1.6 Çocuk İzlem Merkezleri

Çocuk istismarının engellenmesi, istismar mağduru çocuklara profesyonelce ve etkin bir tarzda müdahale edilmesi amacıyla, ilk başta cinsel istismar mağduru çocukların ikinci defa örselenmesini en alt seviyeye indirmek, adli ve tıbbi işlemlerin alanında uzmanlaşmış kişilerce uygun bir merkezde ve tek seferde gerçekleştirilmesini temin etmek üzere; Sağlık Bakanlığına bağlı olarak Çocuk İzlem Merkezleri kurulmuştur (Çocuk İzlem Merkezi, 2012). ÇİM ile ilgili ilk yasal düzenleme; Hâkimler ve Savcılar Yüksek Kurulu'nun 18.01.2011 tarihli ve “10” No’lu “Soruşturma Usul ve Esasları” konulu Genelgesinin 48’inci maddesinde “Özellikle cinsel istismar mağduru çocuk ve ergenlerin konup kollanmalarının sağlanması, ikinci defa örselenmelerinin önlenmesi, adli ve tıbbi işlemlerin bu alanda eğitimli kişiler tarafından tek seferde yapılması ve istismarı önleyici tedbirlerin alınması amacıyla Sağlık Bakanlığı’na bağlı hastaneler/kurumlar bünyesinde kurulan Çocuk İzlem Merkezleri'nde soruşturma işlemlerinin yapılmasının sağlanması” gerektiği ifade edilmiştir (Yüksel ve ark., 2013, s.20).

24

Çocuk İzlem Merkezleri, hastane bünyelerinde fiziki olarak dışarıdan bakıldığında hastanenin diğer bölümlerinden ayırt edilemeyecek şekilde, iç donanımı adlî ve tıbbî işlemlerin eksiksiz şekilde yapılması, çocukların kendini rahat ve güvende hissetmelerini sağlayacak şekilde çocuk dostu bir ortam hazırlanması, çocukla görüşen personelin özel olarak seçilmesi, özel bir eğitimden geçerek çocukla görüşme teknikleri, yasal mevzuat, iletişim, bilgi alma, rapor yazma konularında bilgilendirilmesi, elde edilen bilgilerin kayıt altına alınması ve veri güvenliğinin en üst düzeyde sağlanması öncelikli olarak ele alınmıştır (Yüksel ve ark., 2013, s.20).

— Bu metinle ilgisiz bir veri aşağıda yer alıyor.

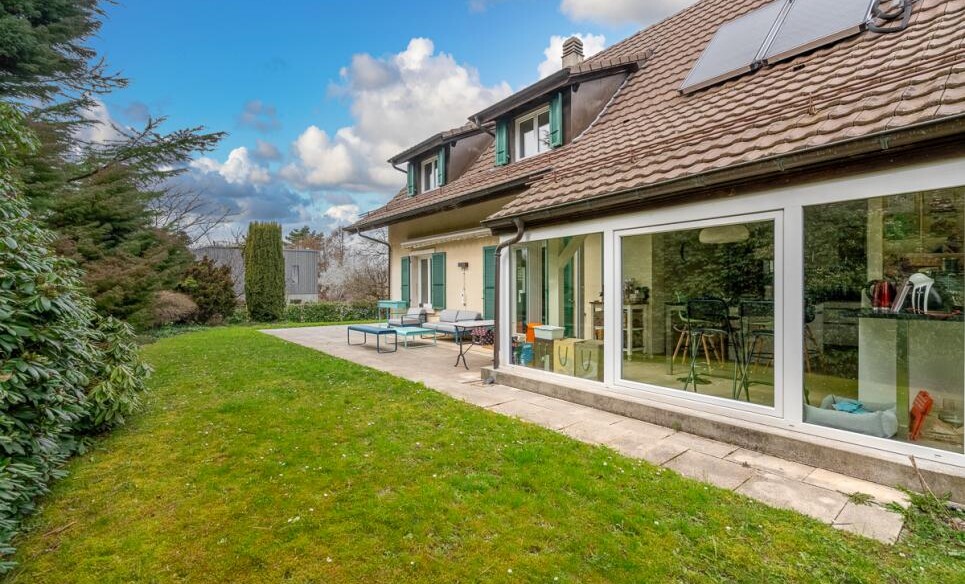 SUPERBE VILLA AU CALME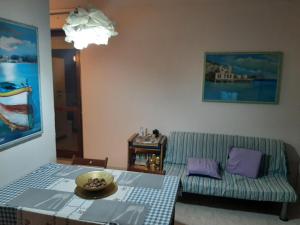 Φωτογραφία από το άλμπουμ του Casa vacanza Colle Renazzo con terrazzo in collina 15 min. dal mare σε Mafalda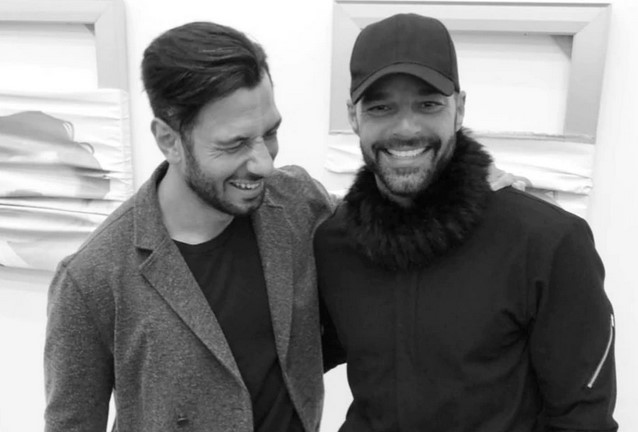 Ricky Martin le da la bienvenida a su cuarto hijo (Foto + Aww)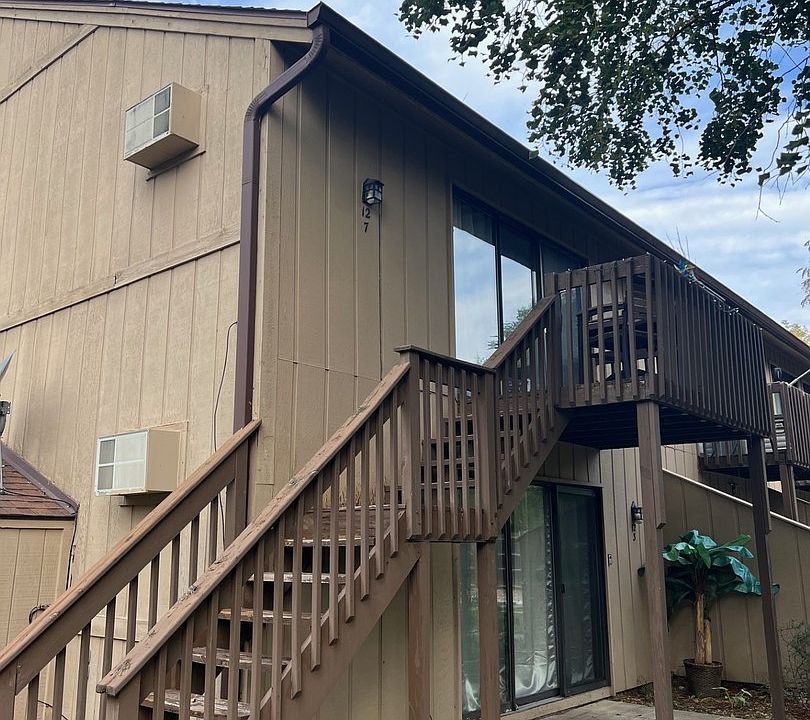 2nd image of 12 Saint Thomas Colony APT 7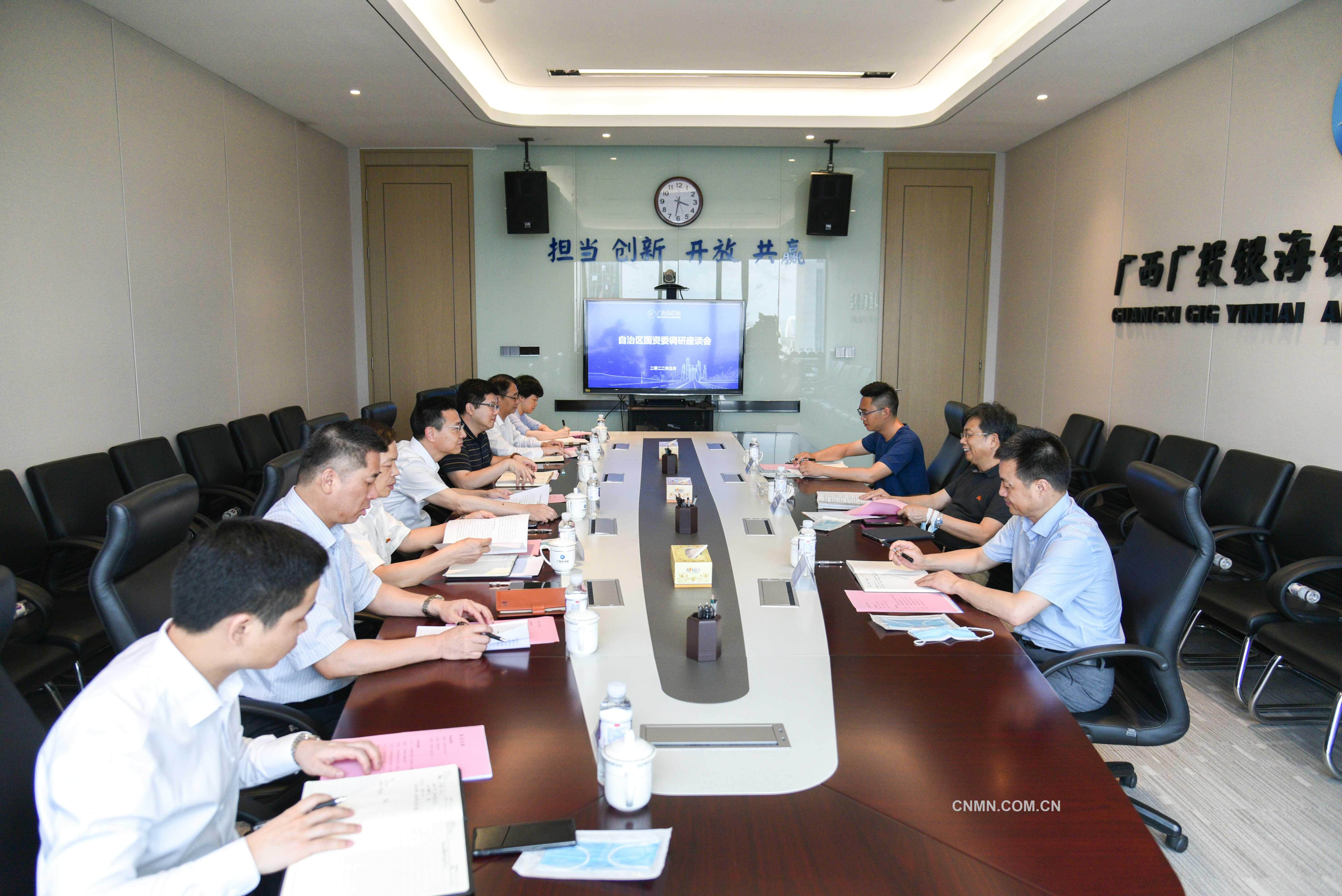 廣西壯族自治區國資委黨委委員、副主任黃進輝到廣投銀海鋁開展穩增長調研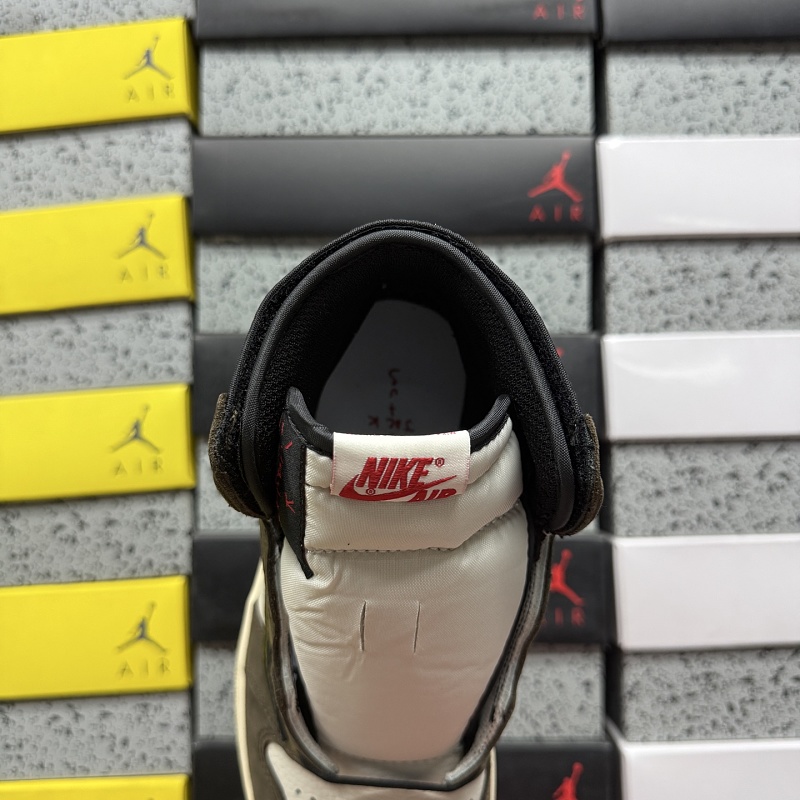 Jordan 1 Sneakers · 4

Ülkemizde Ankara başta olmak üzere İzmir, Gaziantep, Bursa ve İstanbul gibi illerde kurulan Çocuk İzlem Merkezlerinin sayısı 2019 yılı Ocak ayı itibariyle 33'e ulaşmıştır. Merkezlerde, cinsel istismar şüphesi olan çocuğun beyanının alınması, gerek görülmesi halinde iç beden muayenesinin yapılması, aile görüşmesinin yapılması ve sonuçların raporlanması işlemleri çocuğun yüksek yararı ilkesi azami düzeyde gözetilerek gerçekleştirilmektedir.

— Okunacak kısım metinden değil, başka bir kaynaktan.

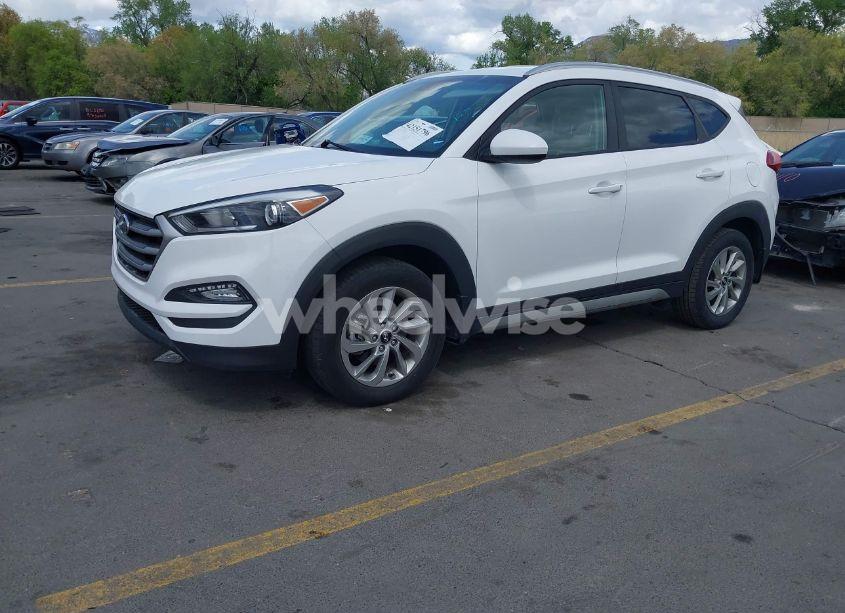 Photo 2 of 2017 Hyundai Tucson SE (VIN KM8J3CA43HU317883)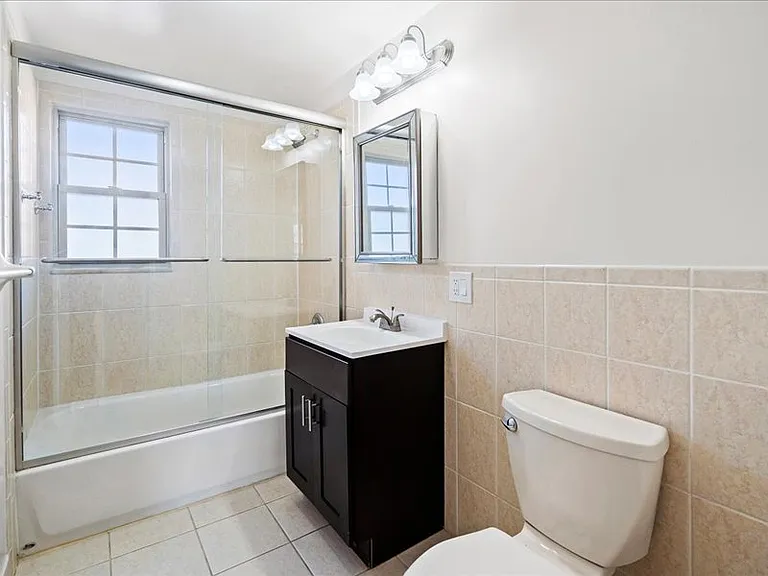 Spring Hill Apartments — Photo 21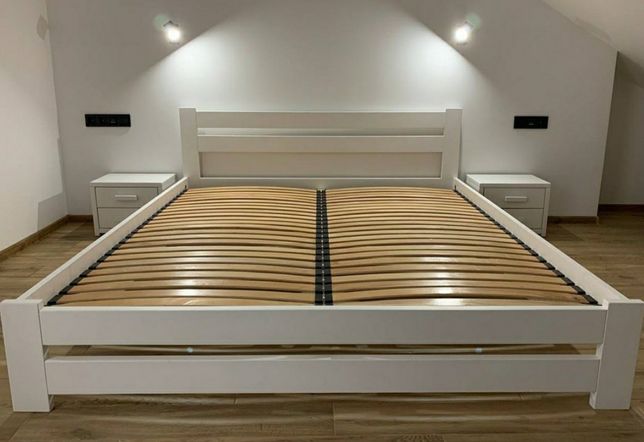 Ліжко для вашої спальні по низькій ціні та з цільного дерева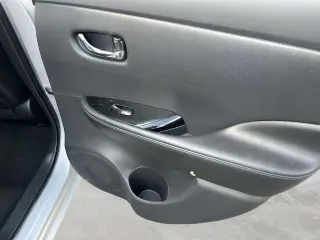 Nissan LEAF 2016 SL 5 puertas portón trasero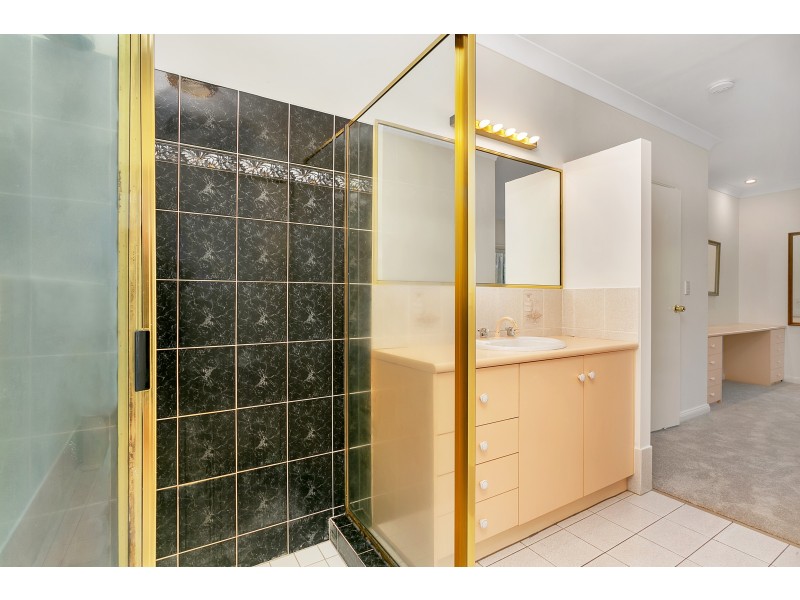 14 Gouldian Street, Bayview Heights QLD 4868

1.6.1 Çocuk İzlem Merkezinin Personel Yapısı

Çocuk İzlem Merkezinde hastaneye bağlı sorumlu hekim, alanında özel eğitim almış adli görüşmeci, aile görüşmecisi, hemşire, adli tıp uzmanı, konsültan hekimler ve sekreter bulunması ön görülür. Bunun yanı sıra Aile, Çalışma ve Sosyal Hizmetler İl Müdürlüklerine bağlı meslek elemanları da gerekli durumlarda merkezde hazır olabilmektedir.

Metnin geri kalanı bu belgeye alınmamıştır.